Escuchando el tosco silogismo de Sánchez en Bruselas —"El independentismo no es terrorismo", ergo "todos los terroristas serán amnistiados"— me acordé de la frase que compendia la mítica novela de Roa Bastos sobre la autocracia: "Supe que poder hacer es hacer poder". Merece la pena leerla dos veces.
En el plano de la voluntad no hay duda de que Sánchez viene practicando ese lema desde que comenzó a gobernar, pues la mayoría de sus actos están orientados a generar una base clientelar que le permita perpetuarse en la Moncloa.
En ese empeño se siente, naturalmente, constreñido por las leyes y los encargados de aplicarlas, pero a veces se desencadena y habla como si no lo estuviera. Eso es lo que ocurrió el jueves y de ahí mi evocación inmediata de "Yo, el Supremo".
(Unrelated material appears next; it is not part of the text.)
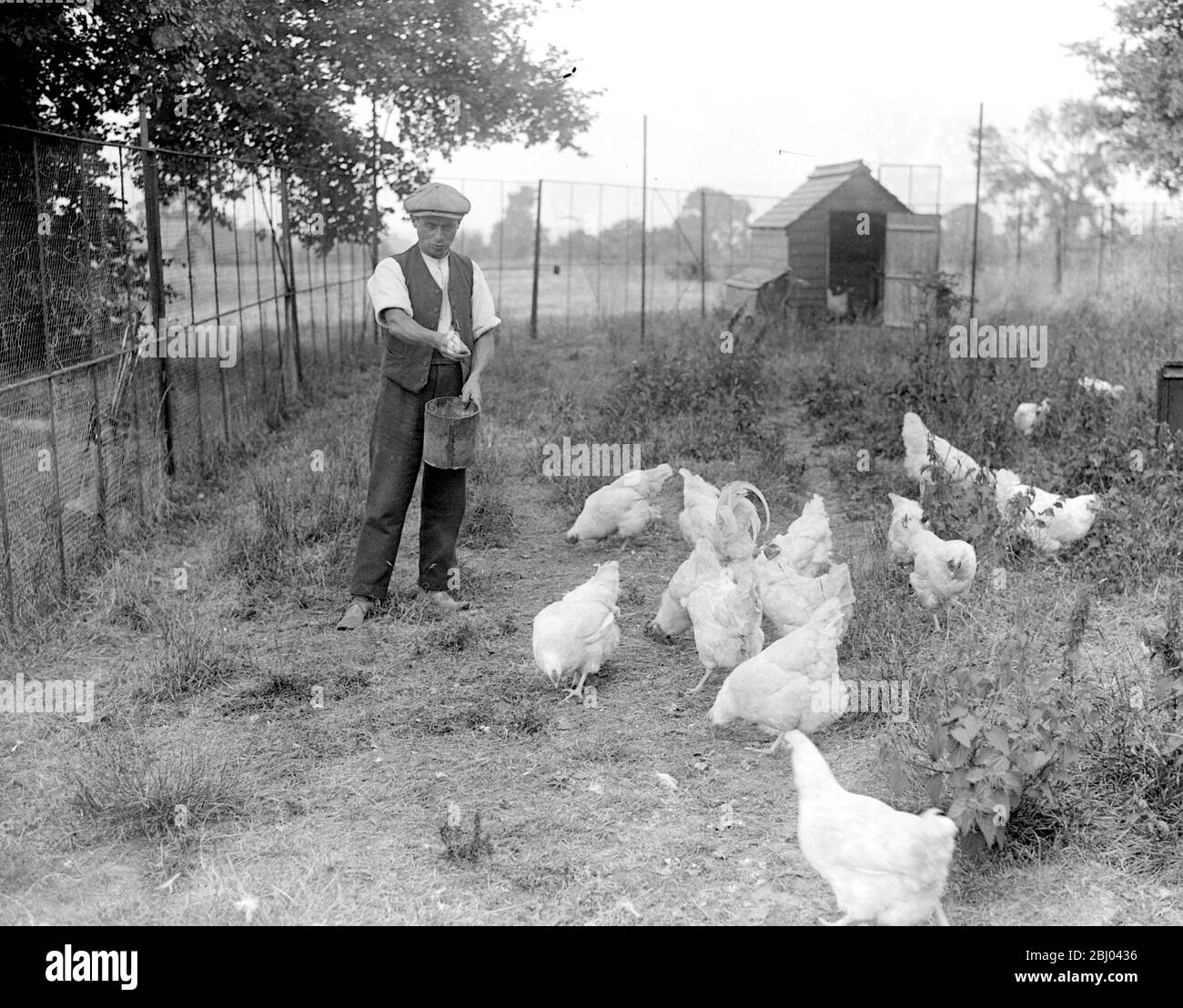 Sandy Lodge Golf Course in war time. Feeding the fowl which supply the club with eggs. - 10 July 1916 Stock Photo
No porque en sentido amplio Sánchez se hubiera comportado como un dictador, sino porque de forma estricta y un tanto pedestre parecía estar usurpando las competencias del Tribunal Supremo. Es a su Sala Segunda a la que, en última instancia, le corresponderá resolver si los hechos concretos por los que están encausados independentistas concretos son delictivos o no, son terrorismo o no.
La declaración del presidente, enfática y campanuda donde las haya, pretendía satisfacer y aquietar a Junts, tras el gatillazo de la Ley de Amnistía en el pleno del Congreso. La satisfacción fue patente, pero el aquietamiento no: "Si estamos de acuerdo, traduzcámoslo jurídicamente en la ley", manifestó Turull.
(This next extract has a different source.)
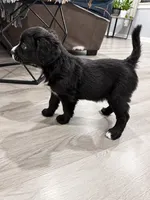 Zara, a female Border Collie and Cavapoo for sale in Rahway, NJ – 7 of 10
Una reacción lógica si se repara en que, en realidad, Sánchez estaba corroborando por pasiva que si hubiera independentistas que —en contra de su criterio— fueran condenados por terrorismo, no serían amnistiados.
Es decir, que su suerte dependerá de las sentencias de los jueces y no de la opinión de los políticos por muy presidentes del Gobierno que sean.
"¿Y cómo se les para los pies a jueces como García-Castellón y Aguirre?", preguntaba el diario independentista Vilaweb al jurista afín a Sumar Joaquín Urías.
Su respuesta fue clara: "El sistema está hecho para que no se les pueda parar los pies a los jueces, ese es el problema".
¿El "problema"? No, esa es la garantía de que todos los ciudadanos podamos contar con una tutela efectiva cuando sintamos vulnerados nuestros derechos.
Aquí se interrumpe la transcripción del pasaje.